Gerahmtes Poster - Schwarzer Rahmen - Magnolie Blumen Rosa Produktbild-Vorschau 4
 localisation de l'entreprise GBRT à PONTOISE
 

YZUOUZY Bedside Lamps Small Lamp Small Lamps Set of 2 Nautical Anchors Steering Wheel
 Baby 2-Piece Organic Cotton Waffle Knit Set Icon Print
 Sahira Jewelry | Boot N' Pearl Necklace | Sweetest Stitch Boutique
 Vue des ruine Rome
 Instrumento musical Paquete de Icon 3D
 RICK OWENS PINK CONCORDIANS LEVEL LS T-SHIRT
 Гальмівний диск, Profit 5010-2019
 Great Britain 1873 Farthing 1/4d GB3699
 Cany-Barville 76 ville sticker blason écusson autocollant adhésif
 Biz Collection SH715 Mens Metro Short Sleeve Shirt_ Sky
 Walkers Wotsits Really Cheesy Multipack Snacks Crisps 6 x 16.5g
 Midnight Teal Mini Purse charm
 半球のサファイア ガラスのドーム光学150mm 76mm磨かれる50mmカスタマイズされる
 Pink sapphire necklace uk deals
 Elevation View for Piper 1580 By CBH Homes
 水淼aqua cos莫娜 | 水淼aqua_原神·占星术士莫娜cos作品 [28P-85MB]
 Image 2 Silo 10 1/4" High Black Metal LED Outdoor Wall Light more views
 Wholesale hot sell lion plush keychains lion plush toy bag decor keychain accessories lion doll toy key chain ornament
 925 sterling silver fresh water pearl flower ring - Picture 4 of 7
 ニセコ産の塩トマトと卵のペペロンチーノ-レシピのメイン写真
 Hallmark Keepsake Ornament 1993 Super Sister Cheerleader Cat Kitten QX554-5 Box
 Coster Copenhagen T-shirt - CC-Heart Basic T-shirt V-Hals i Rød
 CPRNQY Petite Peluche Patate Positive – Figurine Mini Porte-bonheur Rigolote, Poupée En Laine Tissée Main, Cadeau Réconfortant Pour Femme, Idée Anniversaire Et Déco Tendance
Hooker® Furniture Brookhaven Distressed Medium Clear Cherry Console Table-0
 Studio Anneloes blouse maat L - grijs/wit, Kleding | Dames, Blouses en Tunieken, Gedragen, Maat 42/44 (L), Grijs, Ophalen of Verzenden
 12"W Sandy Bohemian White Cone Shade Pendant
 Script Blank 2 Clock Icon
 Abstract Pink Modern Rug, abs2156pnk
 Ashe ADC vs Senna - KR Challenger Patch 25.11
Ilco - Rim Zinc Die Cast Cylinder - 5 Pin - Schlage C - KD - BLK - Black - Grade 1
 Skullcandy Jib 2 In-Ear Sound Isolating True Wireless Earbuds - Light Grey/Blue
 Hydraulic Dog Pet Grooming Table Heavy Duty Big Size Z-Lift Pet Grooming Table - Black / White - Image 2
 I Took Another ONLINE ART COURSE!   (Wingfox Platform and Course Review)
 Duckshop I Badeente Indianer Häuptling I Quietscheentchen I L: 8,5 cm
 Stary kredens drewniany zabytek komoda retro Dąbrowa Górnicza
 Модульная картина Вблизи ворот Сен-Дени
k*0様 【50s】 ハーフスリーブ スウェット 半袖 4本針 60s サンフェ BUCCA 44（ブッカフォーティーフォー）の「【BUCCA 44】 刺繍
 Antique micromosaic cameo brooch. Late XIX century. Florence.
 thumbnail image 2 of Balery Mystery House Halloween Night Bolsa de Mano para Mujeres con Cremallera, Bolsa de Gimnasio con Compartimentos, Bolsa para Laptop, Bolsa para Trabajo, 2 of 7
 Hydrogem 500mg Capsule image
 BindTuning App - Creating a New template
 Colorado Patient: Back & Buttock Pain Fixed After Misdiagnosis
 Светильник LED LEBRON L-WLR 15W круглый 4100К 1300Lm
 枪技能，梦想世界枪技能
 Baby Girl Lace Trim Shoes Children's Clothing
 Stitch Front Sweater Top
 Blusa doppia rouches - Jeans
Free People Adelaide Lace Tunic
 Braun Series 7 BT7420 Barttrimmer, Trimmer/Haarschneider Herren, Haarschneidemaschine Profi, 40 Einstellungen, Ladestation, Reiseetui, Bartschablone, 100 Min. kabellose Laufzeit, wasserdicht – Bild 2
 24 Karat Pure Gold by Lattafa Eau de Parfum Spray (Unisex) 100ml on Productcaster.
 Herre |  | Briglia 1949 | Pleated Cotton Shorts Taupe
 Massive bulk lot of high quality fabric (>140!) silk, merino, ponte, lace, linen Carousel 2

- PROBLEM TO SOLVE
Copy down the material above exactly as it is.

- PROBLEM SOLUTION
Gerahmtes Poster - Schwarzer Rahmen - Magnolie Blumen Rosa Produktbild-Vorschau 4
 localisation de l'entreprise GBRT à PONTOISE
 

YZUOUZY Bedside Lamps Small Lamp Small Lamps Set of 2 Nautical Anchors Steering Wheel
 Baby 2-Piece Organic Cotton Waffle Knit Set Icon Print
 Sahira Jewelry | Boot N' Pearl Necklace | Sweetest Stitch Boutique
 Vue des ruine Rome
 Instrumento musical Paquete de Icon 3D
 RICK OWENS PINK CONCORDIANS LEVEL LS T-SHIRT
 Гальмівний диск, Profit 5010-2019
 Great Britain 1873 Farthing 1/4d GB3699
 Cany-Barville 76 ville sticker blason écusson autocollant adhésif
 Biz Collection SH715 Mens Metro Short Sleeve Shirt_ Sky
 Walkers Wotsits Really Cheesy Multipack Snacks Crisps 6 x 16.5g
 Midnight Teal Mini Purse charm
 半球のサファイア ガラスのドーム光学150mm 76mm磨かれる50mmカスタマイズされる
 Pink sapphire necklace uk deals
 Elevation View for Piper 1580 By CBH Homes
 水淼aqua cos莫娜 | 水淼aqua_原神·占星术士莫娜cos作品 [28P-85MB]
 Image 2 Silo 10 1/4" High Black Metal LED Outdoor Wall Light more views
 Wholesale hot sell lion plush keychains lion plush toy bag decor keychain accessories lion doll toy key chain ornament
 925 sterling silver fresh water pearl flower ring - Picture 4 of 7
 ニセコ産の塩トマトと卵のペペロンチーノ-レシピのメイン写真
 Hallmark Keepsake Ornament 1993 Super Sister Cheerleader Cat Kitten QX554-5 Box
 Coster Copenhagen T-shirt - CC-Heart Basic T-shirt V-Hals i Rød
 CPRNQY Petite Peluche Patate Positive – Figurine Mini Porte-bonheur Rigolote, Poupée En Laine Tissée Main, Cadeau Réconfortant Pour Femme, Idée Anniversaire Et Déco Tendance
Hooker® Furniture Brookhaven Distressed Medium Clear Cherry Console Table-0
 Studio Anneloes blouse maat L - grijs/wit, Kleding | Dames, Blouses en Tunieken, Gedragen, Maat 42/44 (L), Grijs, Ophalen of Verzenden
 12"W Sandy Bohemian White Cone Shade Pendant
 Script Blank 2 Clock Icon
 Abstract Pink Modern Rug, abs2156pnk
 Ashe ADC vs Senna - KR Challenger Patch 25.11
Ilco - Rim Zinc Die Cast Cylinder - 5 Pin - Schlage C - KD - BLK - Black - Grade 1
 Skullcandy Jib 2 In-Ear Sound Isolating True Wireless Earbuds - Light Grey/Blue
 Hydraulic Dog Pet Grooming Table Heavy Duty Big Size Z-Lift Pet Grooming Table - Black / White - Image 2
 I Took Another ONLINE ART COURSE!   (Wingfox Platform and Course Review)
 Duckshop I Badeente Indianer Häuptling I Quietscheentchen I L: 8,5 cm
 Stary kredens drewniany zabytek komoda retro Dąbrowa Górnicza
 Модульная картина Вблизи ворот Сен-Дени
k*0様 【50s】 ハーフスリーブ スウェット 半袖 4本針 60s サンフェ BUCCA 44（ブッカフォーティーフォー）の「【BUCCA 44】 刺繍
 Antique micromosaic cameo brooch. Late XIX century. Florence.
 thumbnail image 2 of Balery Mystery House Halloween Night Bolsa de Mano para Mujeres con Cremallera, Bolsa de Gimnasio con Compartimentos, Bolsa para Laptop, Bolsa para Trabajo, 2 of 7
 Hydrogem 500mg Capsule image
 BindTuning App - Creating a New template
 Colorado Patient: Back & Buttock Pain Fixed After Misdiagnosis
 Светильник LED LEBRON L-WLR 15W круглый 4100К 1300Lm
 枪技能，梦想世界枪技能
 Baby Girl Lace Trim Shoes Children's Clothing
 Stitch Front Sweater Top
 Blusa doppia rouches - Jeans
Free People Adelaide Lace Tunic
 Braun Series 7 BT7420 Barttrimmer, Trimmer/Haarschneider Herren, Haarschneidemaschine Profi, 40 Einstellungen, Ladestation, Reiseetui, Bartschablone, 100 Min. kabellose Laufzeit, wasserdicht – Bild 2
 24 Karat Pure Gold by Lattafa Eau de Parfum Spray (Unisex) 100ml on Productcaster.
 Herre |  | Briglia 1949 | Pleated Cotton Shorts Taupe
 Massive bulk lot of high quality fabric (>140!) silk, merino, ponte, lace, linen Carousel 2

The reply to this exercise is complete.